Since the Leeuwenberg-coding
of a diagram contains all perceived structure, there must be a homomorphism
between this coding and the definition of the network. If, from
the point of view of the application, the network is not just a
set of nodes and edges with labels, but is composed in ameaningful
way out of particular subsets, then it is desirable that every subexpression
of a Leeuwenberg coding of a candidate diagram should correspond
to a substructure of the network. Also, further properties of (sub)codings
of a diagram should correspond to properties of the network. For
instance, if (some part of) a diagram contains symmetry, it is preferable
if this symmetry is also found in the properties of the network
itself. If not, the symmetry in the diagram is not meaningful with
respect to the model.
However, it
must be stressed that there are also conventions about representing
network-like structures in a two-dimensional space; these may work
in a different direction than the meaningfulness-constraint. Four
vertices tend to be represented in a square, whatever their connecting
edges be. "Defaults" like this must also be taken into
account.
Conclusion.
Summarizing,
we may describe our model as follows: First the class of diagrams
of a certain network model is defined by means of expressive mappings
(Marks and Reiter, 1990): nodes and edges in a network are directly
mapped to symbols in a network diagram. Secondly, a partial order
over this class is defined by means of the Information Load of the
codings of the diagrams. Finally, the diagram with lowest information
load whose possible interpretations are correct and maximally meaningful
with respect to the model is chosen.
As to the prospect
of implementing such a model, it is clear that comparing exponentially
many diagrams of a certain model takes exponential time. Thus, it
seems that calculating the 'best' diagram is NP-complete. In practice,
however, we are not interested in the absolutely simplest correct
representation of a network model. We might settle for a relatively
regular diagram without ambiguities and false implicatures. In order
to calculate such a diagram in a tractable way, we can apply techniques
like simulated annealing or Monte Carlo methods.
In conclusion,
we raise some basic questions: (1) do we capture all implicatures
with this method?, and (2) what extension of Leeuwenberg's coding
system provides an adequate description of visual Gestalts? These
questions should be answered by testing an implementation of the
method suggested here.
References.
Rens Bod, 1993:
'Using an Annotated Corpus as a Stochastic Grammar', Proceedings
of the European Chapter of the ACL, 1993, Utrecht.
Rens Bod, Mehdi
Dastani and Remko Scha, 1993: 'Solving Proportional Analogies using
Structural Information Theory', to appear in: Proceedings of
the European Workshop on Case-based Reasoning, Kaiserslautern.
Emanuel Leeuwenberg,
1969: 'Quantitative specification of information in sequential patterns'.

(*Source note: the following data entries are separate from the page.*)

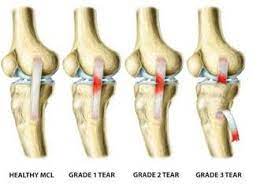 Grade 2 grade 2 acl injuries are rare and describe an acl that is stretched and partially torn. Nrl Physio On Twitter James Maloney To Return This Weekend 3 Weeks After Suffering A Grade 2 Mcl Injury One Of The Quicker Recoveries In Recent Times This Injury Involves A Partial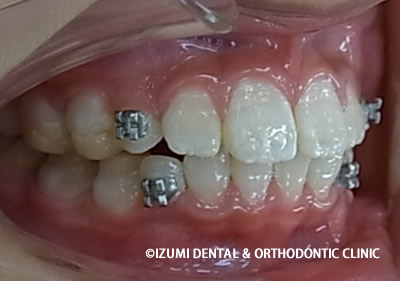 矯正治療終了時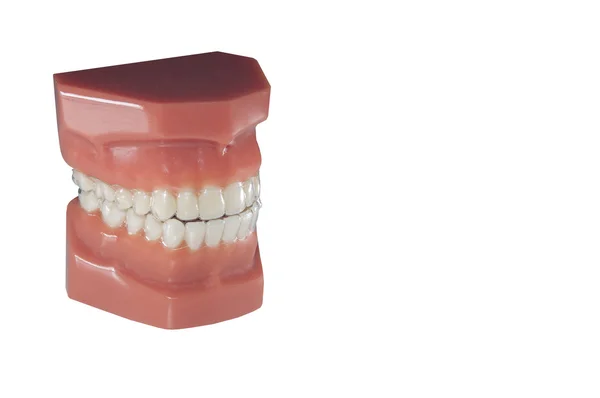 Dental mould with invisible orthodontic removable retainer — Stock Photo, Image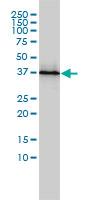 PSMD7 / MOV34 Antibody - PSMD7 monoclonal antibody (M01), clone 2G5 Western Blot analysis of PSMD7 expression in Jurkat.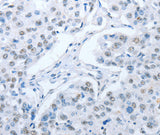 Anti-Human/Mouse/Rat ARHGEF2 Antibody - ABMIUM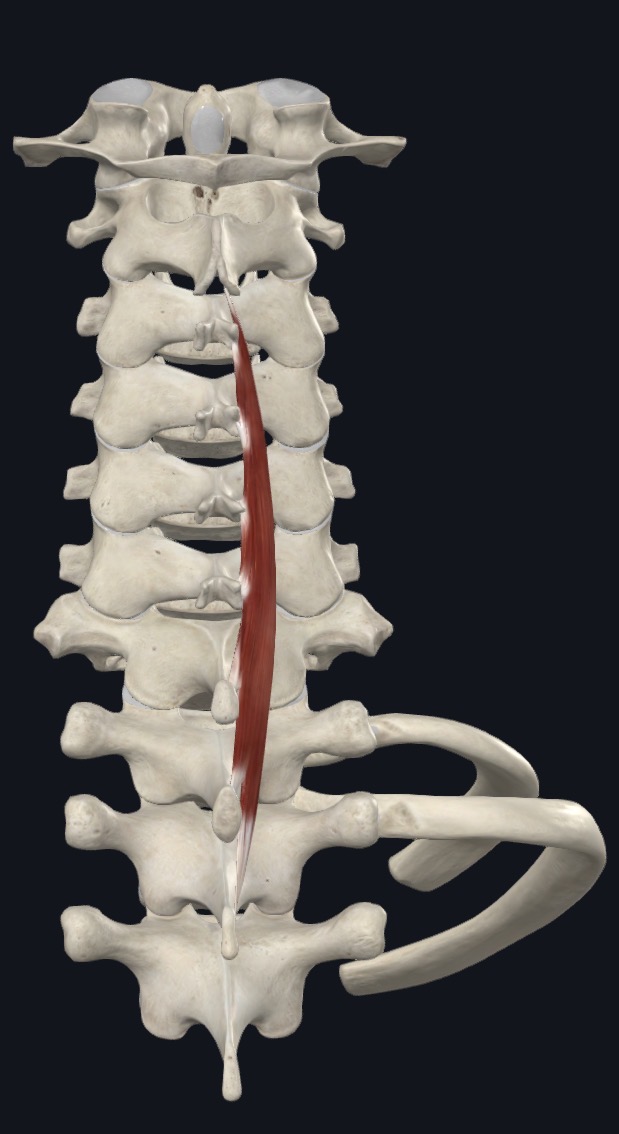 <p>Spinalis Cervicis <strong>Origin</strong></p>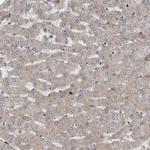 Nectin 1 Antibody in Immunohistochemistry (Paraffin) (IHC (P))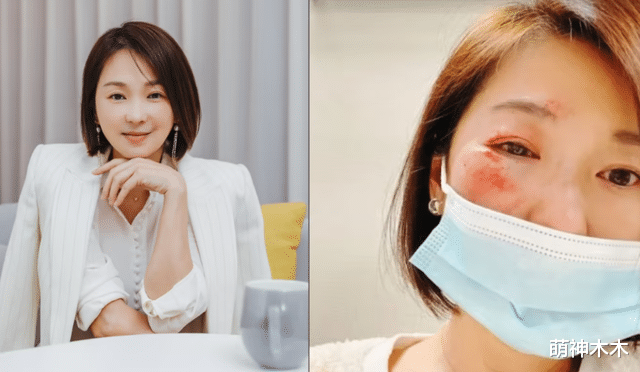 姐弟恋|46岁女星自曝脸部受伤,姐弟恋结婚11年,被担心遭家暴收百条信息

Psychological Review, 76, 216-220.
Emanuel Leeuwenberg,
1971: 'A Perceptual Coding Language for Visual and Auditory Patterns'.
American Journal of Psychology, 83, 307-349.
Joseph Marks
and Ehud Reiter, 1990: 'Avoiding Unwanted Conversational Implicatures
in Text and Graphics', Proceedings AAAI '90, Menlo Park,
CA.
Remko Scha,
1992: 'Virtual Grammars and Creative Algorithms', Gramma/TTT 1(1).